Data excerpt >>

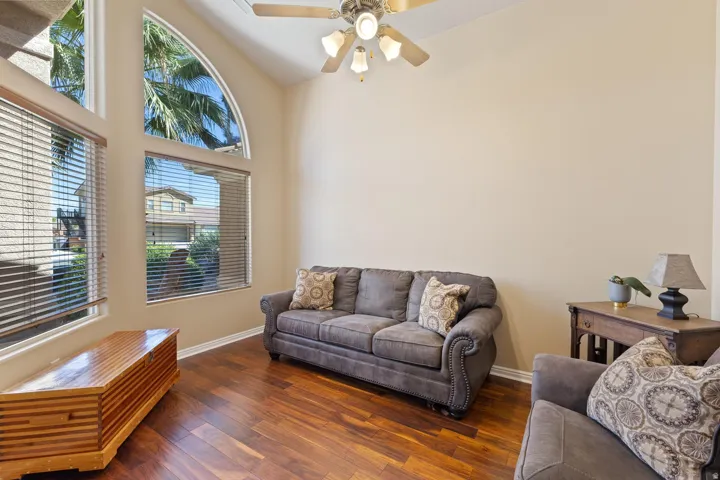 Vaulted ceiling with a ceiling fan, arched transom window, wood-finish flooring, and horizontal window blinds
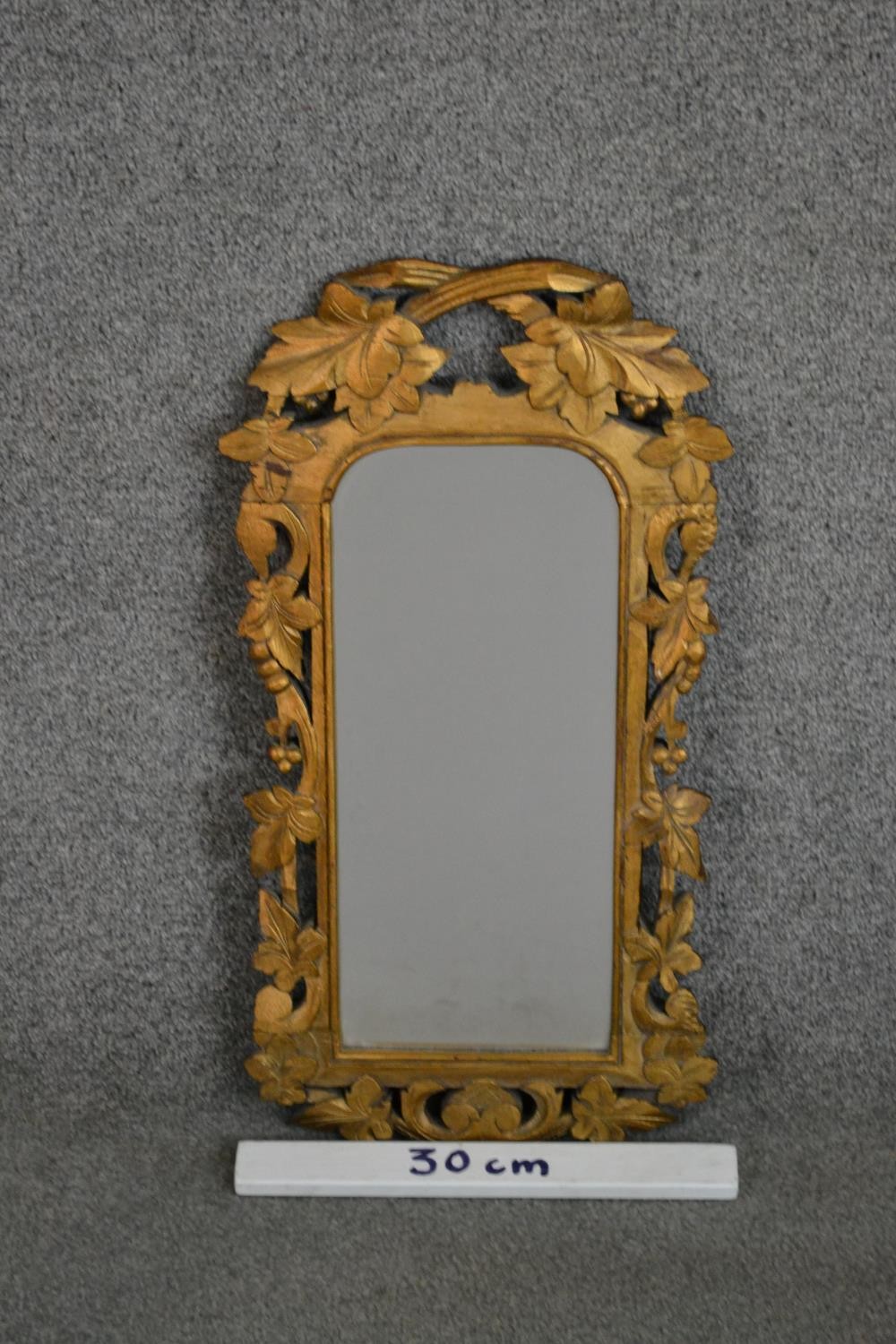 A carved giltwood mirror, the rectangular mirror plate with rounded corners in an ornately carved - Image 2 of 4
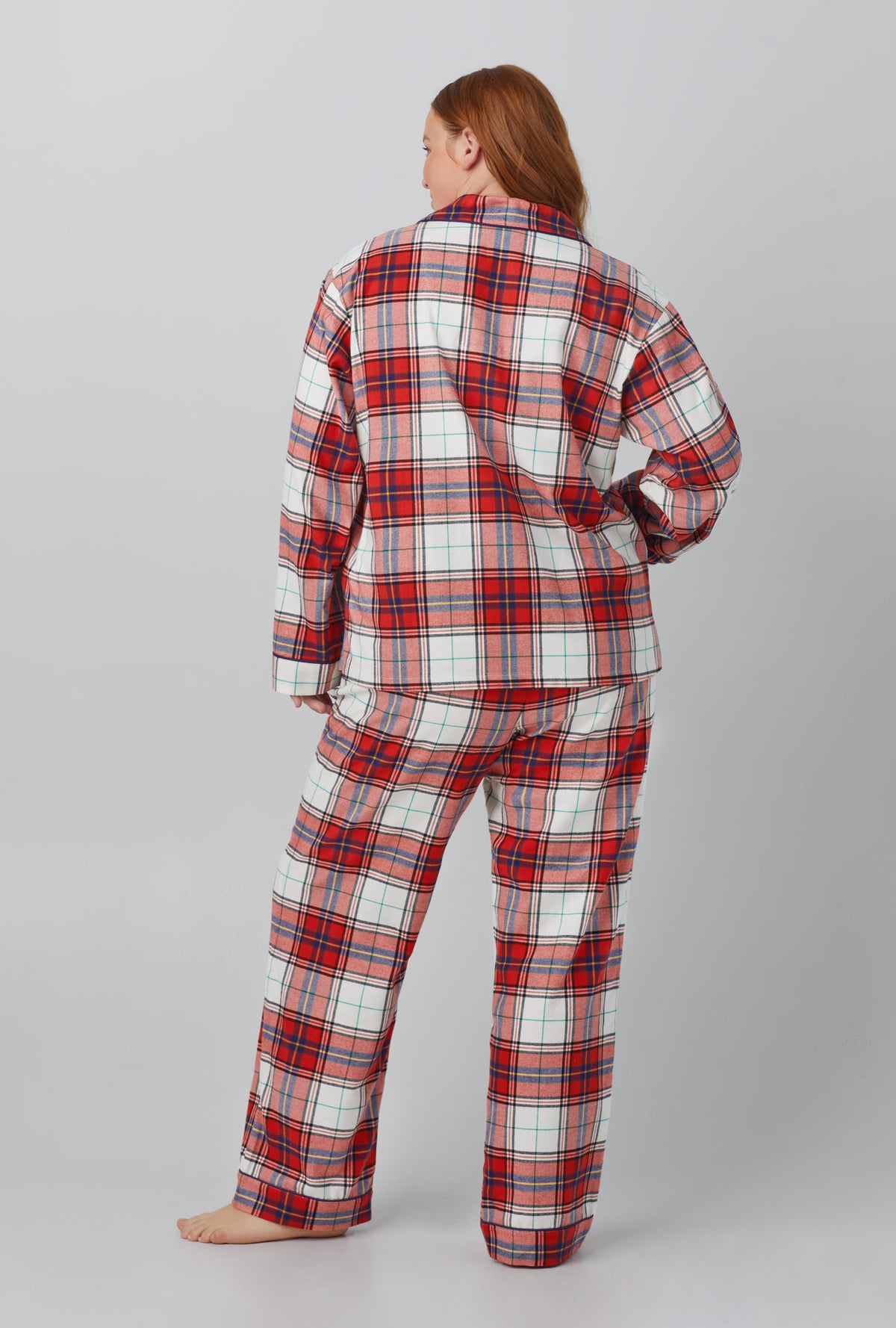 A lady wearing red Long Sleeve Classic Woven Cotton Portuguese Flannel PJ Set with Festive Tartan print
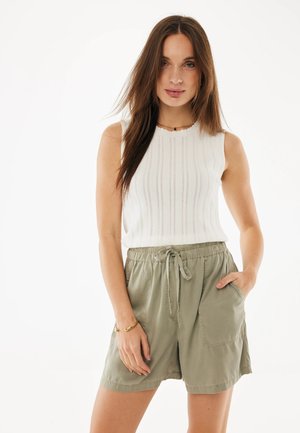 Młoda kobieta o długich brązowych włosach nosi bezrękawnik w białym kolorze i oliwkowe szorty z sznurkiem, pozując z jedną ręką w kieszeni.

Exercise aim >> Would you return the whole listing above exactly as written, skipping any image?

The answer >>
 Vaulted ceiling with a ceiling fan, arched transom window, wood-finish flooring, and horizontal window blinds
 A carved giltwood mirror, the rectangular mirror plate with rounded corners in an ornately carved - Image 2 of 4
 A lady wearing red Long Sleeve Classic Woven Cotton Portuguese Flannel PJ Set with Festive Tartan print
 Młoda kobieta o długich brązowych włosach nosi bezrękawnik w białym kolorze i oliwkowe szorty z sznurkiem, pozując z jedną ręką w kieszeni.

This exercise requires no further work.